Image-caption web data:
^^^^^^^^

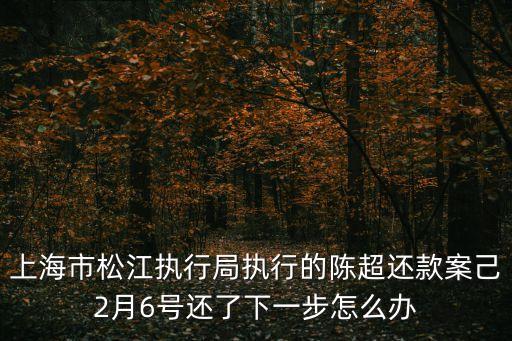 上海市被執行人，上海法院失信人查詢系統在哪里查到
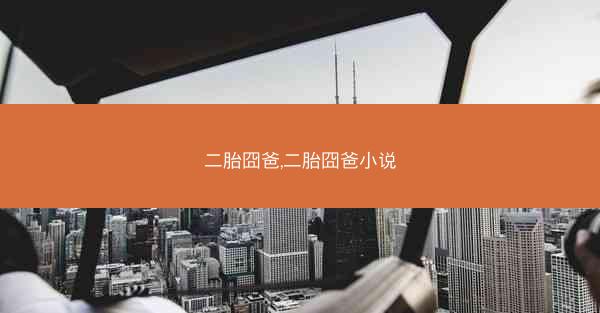 二胎囧爸,二胎囧爸小说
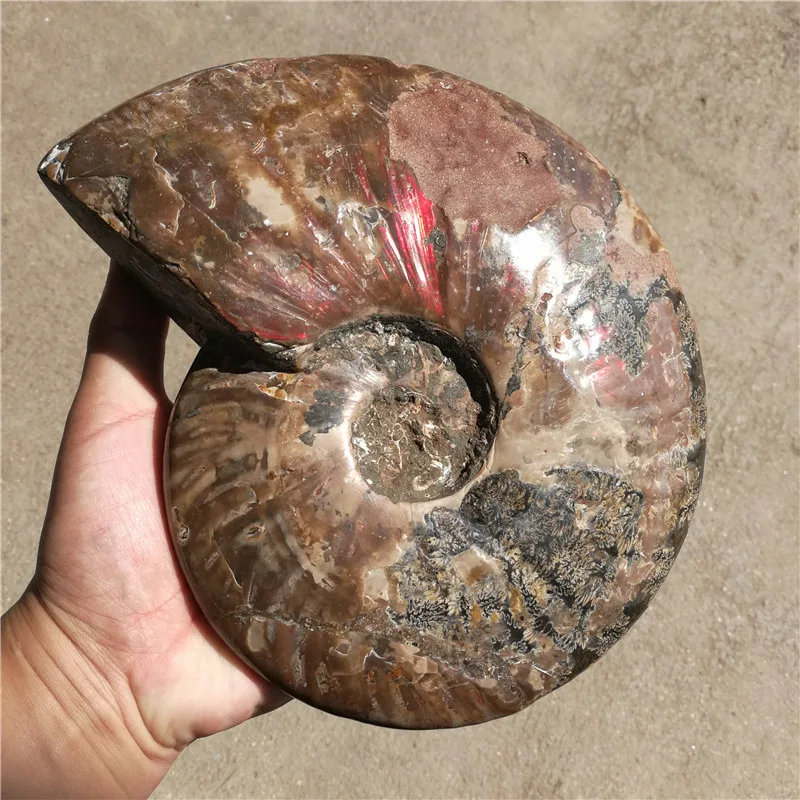 2160 г(4,76 фунтов) натуральный аммонит экземпляр ракушки Fossil Мадагаскар LA2033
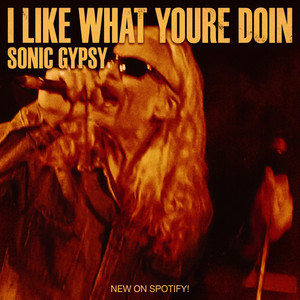 I Like What You're Doin' To Me by Sonic Gypsy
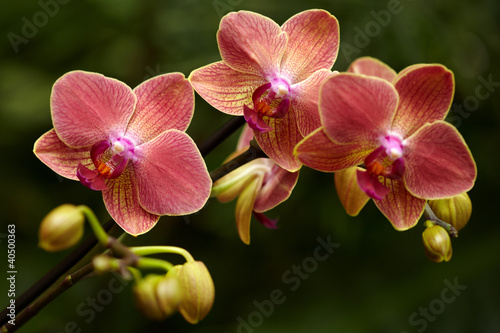 Exotic orchid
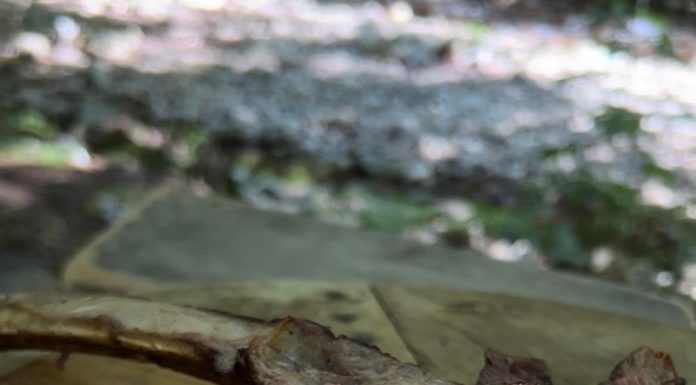 VIDEO: Rețeta săptămânii – Fabiskitchen: Antricot de vită Tomahawk la grătar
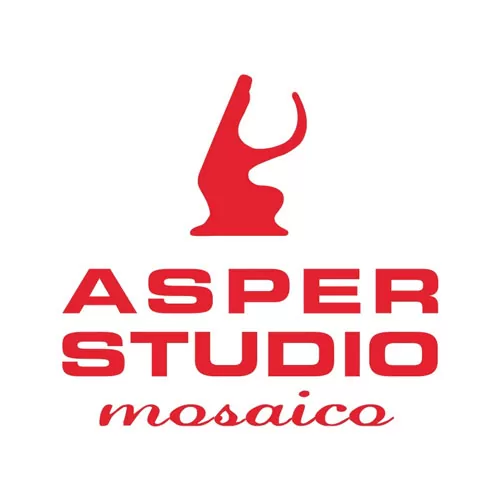 Asper Studio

^^^^^^^^

→ **Work to be completed**:
Exact copies of the entries above are needed, without their pictures.

→ **Answer box**:
 上海市被執行人，上海法院失信人查詢系統在哪里查到
 二胎囧爸,二胎囧爸小说
 2160 г(4,76 фунтов) натуральный аммонит экземпляр ракушки Fossil Мадагаскар LA2033
 I Like What You're Doin' To Me by Sonic Gypsy
 Exotic orchid
 VIDEO: Rețeta săptămânii – Fabiskitchen: Antricot de vită Tomahawk la grătar
 Asper Studio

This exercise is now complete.